During the third quarter, the S&P 500 energy sector – represented by the ‘Energy Select Sector SPDR ETF (XLE - ETF report) – posted a gain of 3.55%. The broad-based Dow Jones Industrial Average and the S&P 500 index gained just 2.00% and 3.11%, respectively, over the same period.

Finally, the chosen ones have VGM Score less than or equal to B. Here V stands for Value, G for Growth and M for Momentum and the score is a weighted combination of these three scores. Such a score allows you to eliminate the negative aspects of stocks and select winners. However, it is important to keep in mind that each Style Score will carry a different weight while arriving at a VGM score.
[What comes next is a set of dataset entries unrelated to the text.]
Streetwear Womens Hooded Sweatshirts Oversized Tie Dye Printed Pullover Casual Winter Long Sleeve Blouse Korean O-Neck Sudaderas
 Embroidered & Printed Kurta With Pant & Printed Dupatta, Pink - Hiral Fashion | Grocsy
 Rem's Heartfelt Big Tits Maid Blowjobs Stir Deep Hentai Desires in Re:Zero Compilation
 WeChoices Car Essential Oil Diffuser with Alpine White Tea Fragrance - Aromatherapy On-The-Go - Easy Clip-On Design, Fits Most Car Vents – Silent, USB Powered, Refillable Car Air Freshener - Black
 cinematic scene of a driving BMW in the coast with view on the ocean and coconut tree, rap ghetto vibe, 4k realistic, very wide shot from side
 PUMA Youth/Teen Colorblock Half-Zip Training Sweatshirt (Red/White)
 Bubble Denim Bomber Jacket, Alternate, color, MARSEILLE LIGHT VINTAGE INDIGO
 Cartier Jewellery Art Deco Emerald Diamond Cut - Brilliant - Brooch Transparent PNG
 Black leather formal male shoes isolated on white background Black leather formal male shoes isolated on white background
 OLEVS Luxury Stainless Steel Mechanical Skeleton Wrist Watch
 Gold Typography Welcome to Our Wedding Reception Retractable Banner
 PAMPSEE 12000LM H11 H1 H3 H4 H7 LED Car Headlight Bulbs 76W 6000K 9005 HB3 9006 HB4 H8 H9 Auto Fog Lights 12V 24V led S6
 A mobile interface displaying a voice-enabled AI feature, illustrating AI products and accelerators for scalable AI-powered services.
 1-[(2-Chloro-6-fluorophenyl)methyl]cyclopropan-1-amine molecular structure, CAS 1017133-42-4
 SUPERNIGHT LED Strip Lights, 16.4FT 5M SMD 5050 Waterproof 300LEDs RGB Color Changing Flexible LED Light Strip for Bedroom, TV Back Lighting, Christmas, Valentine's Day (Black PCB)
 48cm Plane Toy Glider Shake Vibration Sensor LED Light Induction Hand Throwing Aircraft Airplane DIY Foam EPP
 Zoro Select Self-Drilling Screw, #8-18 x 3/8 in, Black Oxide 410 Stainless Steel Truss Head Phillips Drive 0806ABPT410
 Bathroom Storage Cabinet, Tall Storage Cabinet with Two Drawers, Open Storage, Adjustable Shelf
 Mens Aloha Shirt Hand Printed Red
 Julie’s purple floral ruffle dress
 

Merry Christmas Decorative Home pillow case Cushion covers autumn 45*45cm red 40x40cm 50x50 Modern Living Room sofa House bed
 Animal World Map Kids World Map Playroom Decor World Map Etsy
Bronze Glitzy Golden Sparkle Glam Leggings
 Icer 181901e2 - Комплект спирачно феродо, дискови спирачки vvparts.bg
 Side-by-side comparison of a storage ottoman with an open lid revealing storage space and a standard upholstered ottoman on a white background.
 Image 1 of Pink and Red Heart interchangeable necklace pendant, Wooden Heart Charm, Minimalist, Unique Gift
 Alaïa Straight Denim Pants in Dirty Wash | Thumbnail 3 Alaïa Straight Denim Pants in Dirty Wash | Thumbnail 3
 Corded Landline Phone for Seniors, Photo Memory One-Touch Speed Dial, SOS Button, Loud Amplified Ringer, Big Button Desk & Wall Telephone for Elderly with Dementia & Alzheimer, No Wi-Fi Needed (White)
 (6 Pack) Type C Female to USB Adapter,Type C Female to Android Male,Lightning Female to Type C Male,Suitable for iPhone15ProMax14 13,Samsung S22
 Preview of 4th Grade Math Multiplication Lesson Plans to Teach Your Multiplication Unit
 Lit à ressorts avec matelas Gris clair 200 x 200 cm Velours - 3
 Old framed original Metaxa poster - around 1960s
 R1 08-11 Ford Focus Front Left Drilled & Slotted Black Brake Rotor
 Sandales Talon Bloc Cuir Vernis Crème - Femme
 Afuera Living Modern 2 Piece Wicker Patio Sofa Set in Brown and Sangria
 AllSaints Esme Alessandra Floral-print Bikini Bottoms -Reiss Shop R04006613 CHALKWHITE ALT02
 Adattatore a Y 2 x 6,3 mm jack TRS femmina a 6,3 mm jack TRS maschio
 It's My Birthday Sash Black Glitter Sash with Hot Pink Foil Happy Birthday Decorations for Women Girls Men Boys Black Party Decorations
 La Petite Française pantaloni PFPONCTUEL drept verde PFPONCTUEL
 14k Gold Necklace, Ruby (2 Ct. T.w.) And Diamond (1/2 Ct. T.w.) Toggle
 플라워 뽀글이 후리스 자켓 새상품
Our research shows that stocks with a VGM Score of ‘A’ or ‘B’ when combined with a Zacks Rank #1 or #2 offer the best upside potential.

5 Stocks to Invest In

Evolution Petroleum Corp. (EPM - Snapshot Report) : Formed in Sep 2003, Evolution Petroleum is a Houston, TX based exploration and production company that develops reserves through the application of conventional and specialized technology to domestic onshore oil and gas resources.

Zacks Rank: #1

VGM Score: ‘A’

% Price Change (12 Weeks): +15.23%

Ultra Petroleum Corp. (UPLMQ - Analyst Report) : Houston, Texas-based Ultra Petroleum is an independent energy firm engaged in the acquisition, development, exploration and production of oil and gas properties. The company’s operations are focused on the Green River Basin of southwest Wyoming, mainly covering the Pinedale and the Jonah fields.

Zacks Rank: #1

VGM Score: ‘B’

% Price Change (12 Weeks): +192.92%

Repsol S.A. – ADR (REPYY - Snapshot Report) : Repsol is Spain’s largest energy company, which is engaged in oil and gas exploration and production, refining and marketing of petroleum products, and other energy-related businesses.

Zacks Rank: #2

VGM Score: ‘B’

% Price Change (12 Weeks): +9.54%

Tullow Oil plc (TUWOY - Snapshot Report) : Headquartered in London, U.K., Tullow Oil is a European upstream player with main focus on Africa - Ghana, Uganda and Kenya. Additionally, the company holds licenses in the North Sea and South America.

Zacks Rank: #2

VGM Score: ‘B’

% Price Change (12 Weeks): +20.15%

Premier Oil plc (PMOIY - Snapshot Report) :One of the oldest exploration and production companies in Europe, Premier Oil has assets spread over Africa, Brazil, Falkland Islands, Pakistan, Southeast Asia and the North Sea.

Zacks Rank: #2

VGM Score: ‘B’

% Price Change (12 Weeks): +8.84%

Bottom Line

With energy prices picking up steam, this is the perfect time to indulge in these stocks to make sure your portfolio is perfectly oiled up! While we keep our fingers crossed for a profitable fourth quarter, let these hot bets with their strong ranks and price momentum spell magical returns for you.